We Budget $1 Trillion a Year on National Defense.
Why Not Invest a Trillion on Climate Defense?
Meteor Blades / Daily Kos Staff Emeritus
(October 11, 2021) — As you may have heard, we have a very short time left to stop everything we’re doing that has us on a trajectory toward intolerable temperatures and a plethora of other impacts that the timid term “climate crisis” inadequately describes. To defend ourselves and other species from the growing perils that our greed and environmental recklessness have generated, we need immediate action yesterday. Not exactly news, I know.
In fact, more than 30 years of yesterdays ago, the warning went out from a few scientists that waiting years to take steps to deal with climate changes caused by human behavior would mean that future actions would have to be more hurried, more draconian. And here we are, just as they said.
As blogger Pakalolo wrote recently, these are our final precious moments to take actions that have at least a chance of softening the worst impacts of the disruption we humans have wrought and continue to feed with the greenhouse gas emissions of our energy, industrial, agricultural, and transportation systems.
Which brings us to the US Congress and the social infrastructure bill that President Joe Biden and other Democratic leaders hope can be passed despite having no Republican votes.
Just 11% of the Pentagon budget could provide
renewable energy for every US home.
The top-line of the bill started out at $3.5 trillion. Faced with the tightest of Senate margins and a few stubbornly backward Democrats determined to use the leverage that margin gives them to whack big chunks off the bill, the Biden administration has accepted slashing its original figure to around $2 trillion. Which means Sen. Joe Manchin only has to agree to add another half-trillion to his alternative proposal of $1.5 trillion.
Meanwhile, Biden and the scores of supportive congressional Democrats will have to swallow $1.5 trillion in cuts from theiroriginal proposal.

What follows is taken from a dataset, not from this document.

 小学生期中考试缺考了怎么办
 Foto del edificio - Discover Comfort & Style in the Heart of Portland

The details are yet to come. But it’s obvious that climate-related measures will receive a lot less than half of that $2 trillion since other crucial items in the bill also need funding. From this story, you can get a sense of what specific items may get slashed or spared.

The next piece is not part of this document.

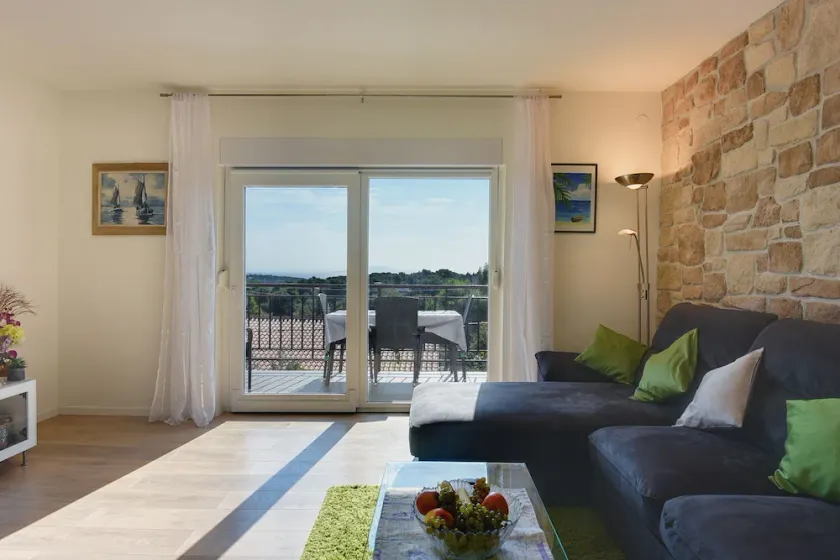 590 meters to the beach with sea views - Image 1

Suppose, however, that $1 trillion got approved for climate. Since it’s planned for the money to be allocated over a decade, that works out to $100 billion a year. A laughable amount far from able to accomplish the desperately needed acceleration of the green transformation already underway. As inadequate as that would be, the final actual figure might well be just $50 billion a year.
Politicians across the spectrum have no problem voting every year for a trillion-dollar defense budget (the annual total when the Veterans Administration is included). But propose a matching trillion dollars a year invested in climate defense? Outrageous, they will say. “Fiscal insanity” as Manchin would have it.
So instead of really stepping up to what is required, the bill we finally get—assuming we do get it—is likely to provide 10% as much for climate defense as gets turned over to the Pentagon every year. You can count on some politicians to argue that if 10% isn’t enough, more funding can be added later.
That’s supremely optimistic whether we’re talking climate matters or other elements of the soft infrastructure included in the bill, like childcare or pre-K funding. The odds are against getting a second bite anytime soon, as was the case with any second economic stimulus under President Barack Obama.
Obviously, we’re not going to get anywhere near a trillion a year for climate defense. We climate hawks are told—as we have been for decades—to be realistic and patient. The problem is that the political reality of the Senate margin doesn’t mesh with the reality of the latest report from the Intergovernmental Panel on Climate Change that labels our current situation as “code red for humanity.”
The counsel of delay is a favorite of those in Congress who pretend they accept what climate scientists are warning us about but don’t act like it. If they really trusted the warnings, they would be demanding the president call a climate emergency and scrambling to take immediate action. They don’t. That delay is just another form of denial.
Six years ago in the first Democratic presidential nominee debate, when each candidate was asked what they thought was the biggest national security threat, Sen. Bernie Sanders did not hesitate: “The scientific community is telling us if we do not address the global crisis of climate change, transform our energy system away from fossil fuel to sustainable energy, the planet that we’re going to be leaving our kids and our grandchildren may well not be habitable. That is a major crisis.”
We’re further along the trajectory to disaster than in 2015 when he caught flak for saying what he did. And yet we still have a number of Democrats in Congress (and it’s more than the two obvious ones) who show by their tepid addressing of climate change that they just don’t get it.
The only path to more aggressive measures on climate is electing more candidates who do get it. However, that path is strewn with countless obstacles, including, of course, the shameless Republican leaders who are jack-hammering democracy.
As Ezra Klein writes, now “might be the high-water mark of power [Democrats will] have for the next decade.” But fight we must, no matter how slim the odds in our favor.